(Records contained in a dataset)
**********

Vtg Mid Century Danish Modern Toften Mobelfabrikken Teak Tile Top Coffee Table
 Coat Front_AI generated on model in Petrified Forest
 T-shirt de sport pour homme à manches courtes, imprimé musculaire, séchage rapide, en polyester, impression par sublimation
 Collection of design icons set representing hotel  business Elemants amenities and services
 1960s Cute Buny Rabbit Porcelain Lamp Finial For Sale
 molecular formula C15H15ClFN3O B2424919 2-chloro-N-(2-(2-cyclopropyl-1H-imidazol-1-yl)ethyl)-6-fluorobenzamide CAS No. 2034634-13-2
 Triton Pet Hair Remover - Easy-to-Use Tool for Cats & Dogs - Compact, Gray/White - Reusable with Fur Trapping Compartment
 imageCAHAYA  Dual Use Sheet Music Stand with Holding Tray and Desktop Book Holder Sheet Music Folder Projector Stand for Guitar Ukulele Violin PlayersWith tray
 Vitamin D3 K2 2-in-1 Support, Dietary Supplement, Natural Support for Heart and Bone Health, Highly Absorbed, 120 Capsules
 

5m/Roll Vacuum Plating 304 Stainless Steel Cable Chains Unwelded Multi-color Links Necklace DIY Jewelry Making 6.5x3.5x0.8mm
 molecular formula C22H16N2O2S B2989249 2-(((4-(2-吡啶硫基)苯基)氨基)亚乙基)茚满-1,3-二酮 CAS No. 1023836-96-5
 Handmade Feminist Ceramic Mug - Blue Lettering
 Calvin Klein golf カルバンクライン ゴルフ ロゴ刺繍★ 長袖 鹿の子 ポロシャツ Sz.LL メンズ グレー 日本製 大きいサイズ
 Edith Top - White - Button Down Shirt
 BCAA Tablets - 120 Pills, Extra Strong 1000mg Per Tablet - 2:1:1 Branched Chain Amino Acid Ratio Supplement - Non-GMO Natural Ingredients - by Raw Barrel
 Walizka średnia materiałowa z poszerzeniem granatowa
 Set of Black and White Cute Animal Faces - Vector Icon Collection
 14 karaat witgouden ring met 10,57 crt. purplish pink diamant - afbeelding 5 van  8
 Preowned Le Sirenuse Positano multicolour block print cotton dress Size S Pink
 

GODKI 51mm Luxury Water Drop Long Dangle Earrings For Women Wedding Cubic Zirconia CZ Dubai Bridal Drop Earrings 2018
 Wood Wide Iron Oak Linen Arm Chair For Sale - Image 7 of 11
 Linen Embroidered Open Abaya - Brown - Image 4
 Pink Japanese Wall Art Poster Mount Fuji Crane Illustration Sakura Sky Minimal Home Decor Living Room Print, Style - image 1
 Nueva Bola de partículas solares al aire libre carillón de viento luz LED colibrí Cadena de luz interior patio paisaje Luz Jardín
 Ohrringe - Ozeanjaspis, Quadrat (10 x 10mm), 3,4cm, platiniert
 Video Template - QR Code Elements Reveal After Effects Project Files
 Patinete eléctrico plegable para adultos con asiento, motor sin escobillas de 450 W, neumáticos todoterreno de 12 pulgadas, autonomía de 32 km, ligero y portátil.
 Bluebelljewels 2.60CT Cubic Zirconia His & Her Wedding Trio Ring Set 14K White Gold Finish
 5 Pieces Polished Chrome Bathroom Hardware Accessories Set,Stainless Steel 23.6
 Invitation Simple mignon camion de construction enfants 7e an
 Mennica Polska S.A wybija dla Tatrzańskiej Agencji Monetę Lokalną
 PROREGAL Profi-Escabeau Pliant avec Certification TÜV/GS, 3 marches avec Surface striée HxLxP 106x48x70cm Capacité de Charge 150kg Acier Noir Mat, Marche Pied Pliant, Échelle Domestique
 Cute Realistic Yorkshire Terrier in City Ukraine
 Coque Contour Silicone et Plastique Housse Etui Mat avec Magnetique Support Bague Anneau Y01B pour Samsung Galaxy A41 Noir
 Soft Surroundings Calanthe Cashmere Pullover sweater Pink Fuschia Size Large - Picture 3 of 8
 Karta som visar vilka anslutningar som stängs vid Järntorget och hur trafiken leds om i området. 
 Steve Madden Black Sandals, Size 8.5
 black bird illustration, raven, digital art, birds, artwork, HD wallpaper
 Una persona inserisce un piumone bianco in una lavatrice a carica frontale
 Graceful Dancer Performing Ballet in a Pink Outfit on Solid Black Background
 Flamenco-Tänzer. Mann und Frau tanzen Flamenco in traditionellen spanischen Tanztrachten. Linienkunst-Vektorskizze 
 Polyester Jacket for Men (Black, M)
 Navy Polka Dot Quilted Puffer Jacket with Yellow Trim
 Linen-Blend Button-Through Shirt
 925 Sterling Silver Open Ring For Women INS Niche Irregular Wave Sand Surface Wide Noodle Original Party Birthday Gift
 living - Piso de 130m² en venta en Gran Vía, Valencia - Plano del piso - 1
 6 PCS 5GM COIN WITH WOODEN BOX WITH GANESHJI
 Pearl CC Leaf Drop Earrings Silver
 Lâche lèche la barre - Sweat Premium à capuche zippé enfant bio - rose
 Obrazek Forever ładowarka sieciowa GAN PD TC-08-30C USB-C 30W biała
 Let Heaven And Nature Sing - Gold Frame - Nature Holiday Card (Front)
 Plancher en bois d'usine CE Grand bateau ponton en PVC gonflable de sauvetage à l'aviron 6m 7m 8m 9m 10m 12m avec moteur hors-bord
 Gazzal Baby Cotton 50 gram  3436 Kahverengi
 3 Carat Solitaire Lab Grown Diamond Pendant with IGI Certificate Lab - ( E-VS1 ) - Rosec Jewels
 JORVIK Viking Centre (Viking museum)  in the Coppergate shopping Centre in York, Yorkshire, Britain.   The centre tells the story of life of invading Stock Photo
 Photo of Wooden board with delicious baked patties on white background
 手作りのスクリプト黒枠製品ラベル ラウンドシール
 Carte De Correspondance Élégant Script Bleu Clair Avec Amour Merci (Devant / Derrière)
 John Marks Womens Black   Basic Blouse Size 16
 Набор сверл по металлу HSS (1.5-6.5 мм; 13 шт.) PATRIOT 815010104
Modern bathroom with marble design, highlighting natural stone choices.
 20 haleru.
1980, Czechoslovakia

**********

What is required:
Write out exactly each line of the entries, starting at the one containing "living - Piso" and finishing with the last line.

Exercise output:
 living - Piso de 130m² en venta en Gran Vía, Valencia - Plano del piso - 1
 6 PCS 5GM COIN WITH WOODEN BOX WITH GANESHJI
 Pearl CC Leaf Drop Earrings Silver
 Lâche lèche la barre - Sweat Premium à capuche zippé enfant bio - rose
 Obrazek Forever ładowarka sieciowa GAN PD TC-08-30C USB-C 30W biała
 Let Heaven And Nature Sing - Gold Frame - Nature Holiday Card (Front)
 Plancher en bois d'usine CE Grand bateau ponton en PVC gonflable de sauvetage à l'aviron 6m 7m 8m 9m 10m 12m avec moteur hors-bord
 Gazzal Baby Cotton 50 gram  3436 Kahverengi
 3 Carat Solitaire Lab Grown Diamond Pendant with IGI Certificate Lab - ( E-VS1 ) - Rosec Jewels
 JORVIK Viking Centre (Viking museum)  in the Coppergate shopping Centre in York, Yorkshire, Britain.   The centre tells the story of life of invading Stock Photo
 Photo of Wooden board with delicious baked patties on white background
 手作りのスクリプト黒枠製品ラベル ラウンドシール
 Carte De Correspondance Élégant Script Bleu Clair Avec Amour Merci (Devant / Derrière)
 John Marks Womens Black   Basic Blouse Size 16
 Набор сверл по металлу HSS (1.5-6.5 мм; 13 шт.) PATRIOT 815010104
Modern bathroom with marble design, highlighting natural stone choices.
 20 haleru.
1980, Czechoslovakia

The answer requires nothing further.